Would like to have a code review so I can improve my knowledge and expertise in VBA more specifically with Dictionaries as this is the first time I used one.
For context I have duplicate data and need to consolidate creating a unique list. To achieve this I used a Dictionary concatenating 2 fields to make a unique key. Also I have a function that uses Dictionaries to get a unique key so I can find the number of occurrence for each order number and add a suffix at the end if more than 999 rows used for the same order.
Option Explicit
Sub UniqueListWithSumQty()
Dim wsSource As Worksheet
Dim ws As Worksheet
Dim sh As Worksheet
Dim strCell As String
Dim i As Long, j As Long
Dim LRow As Long
Dim dict As Object
Set ws = ActiveSheet
Set dict = CreateObject("Scripting.Dictionary")
With ws
LRow = FindLastRow(ActiveSheet, 3, 21)
.Range("C17:U" & LRow).Sort key1:=.Range("C17:C" & LRow), order1:=xlAscending, Header:=xlNo
wsSource = .Range("C17:U" & LRow).value
End With
With dict
For i = 1 To UBound(wsSource, 1)
strCell = Join(Array(wsSource(i, 1), wsSource(i, 3)), "|")
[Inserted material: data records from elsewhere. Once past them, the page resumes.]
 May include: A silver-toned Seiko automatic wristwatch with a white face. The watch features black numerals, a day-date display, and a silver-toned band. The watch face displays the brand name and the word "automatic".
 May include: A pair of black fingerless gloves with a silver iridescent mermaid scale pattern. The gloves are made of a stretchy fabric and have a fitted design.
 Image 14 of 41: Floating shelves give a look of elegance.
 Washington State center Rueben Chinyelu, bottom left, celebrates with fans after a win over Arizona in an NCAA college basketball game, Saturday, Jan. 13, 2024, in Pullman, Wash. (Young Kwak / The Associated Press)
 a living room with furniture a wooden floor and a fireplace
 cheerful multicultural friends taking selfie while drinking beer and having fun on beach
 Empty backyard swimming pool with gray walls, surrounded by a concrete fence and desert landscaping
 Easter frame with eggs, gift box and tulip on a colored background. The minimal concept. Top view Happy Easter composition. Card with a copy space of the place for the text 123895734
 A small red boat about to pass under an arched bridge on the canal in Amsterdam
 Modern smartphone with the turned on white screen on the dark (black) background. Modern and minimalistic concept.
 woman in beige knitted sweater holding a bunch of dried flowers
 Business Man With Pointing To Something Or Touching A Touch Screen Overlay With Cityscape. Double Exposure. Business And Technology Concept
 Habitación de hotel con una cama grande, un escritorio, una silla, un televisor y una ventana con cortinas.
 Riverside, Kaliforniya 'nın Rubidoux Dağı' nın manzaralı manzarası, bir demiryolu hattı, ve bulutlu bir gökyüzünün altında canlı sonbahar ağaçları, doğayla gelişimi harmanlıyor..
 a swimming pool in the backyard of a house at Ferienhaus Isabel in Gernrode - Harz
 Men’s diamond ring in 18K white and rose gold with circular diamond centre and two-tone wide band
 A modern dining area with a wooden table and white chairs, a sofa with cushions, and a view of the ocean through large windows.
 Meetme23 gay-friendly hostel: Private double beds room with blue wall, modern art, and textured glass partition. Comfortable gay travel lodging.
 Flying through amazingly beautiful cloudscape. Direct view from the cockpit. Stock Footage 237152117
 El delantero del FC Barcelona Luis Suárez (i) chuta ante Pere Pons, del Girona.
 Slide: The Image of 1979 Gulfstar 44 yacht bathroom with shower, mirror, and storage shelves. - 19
If Not .Exists(strCell) Then
.item(strCell) = .Count + 1
For j = 1 To UBound(wsSource, 2)
wsSource(.Count, j) = wsSource(i, j)
Next j
Else
wsSource(.item(strCell), 4) = wsSource(.item(strCell), 4) + wsSource(i, 4)
End If
Next i
i = .Count
End With
Set sh = ActiveSheet
sh.Range("C17:U" & LRow).Clear
With sh.Range("C17")
.Resize(i, UBound(wsSource, 2)) = wsSource
End With
Call CheckOccurance(Range("C17:C" & LRow), LRow, sh)
End Sub
Private Function CheckOccurance(rng As Range, LRow As Long, ws As Worksheet)
Dim maxOrdNoRow As Double
Dim timesOccured As Double
Dim occur As Double
Dim uniqueList As Object
Dim i As Long
Dim data As Variant
Dim x As Long
Dim key As Variant
Dim lastUsedRow As Long
Set uniqueList = CreateObject("Scripting.Dictionary")
data = rng.value
For i = 1 To UBound(data, 1)
uniqueList(data(i, 1)) = Empty
Next i
For Each key In uniqueList
maxOrdNoRow = Application.WorksheetFunction.CountIf(Range("C17:C" & LRow), "=" & key)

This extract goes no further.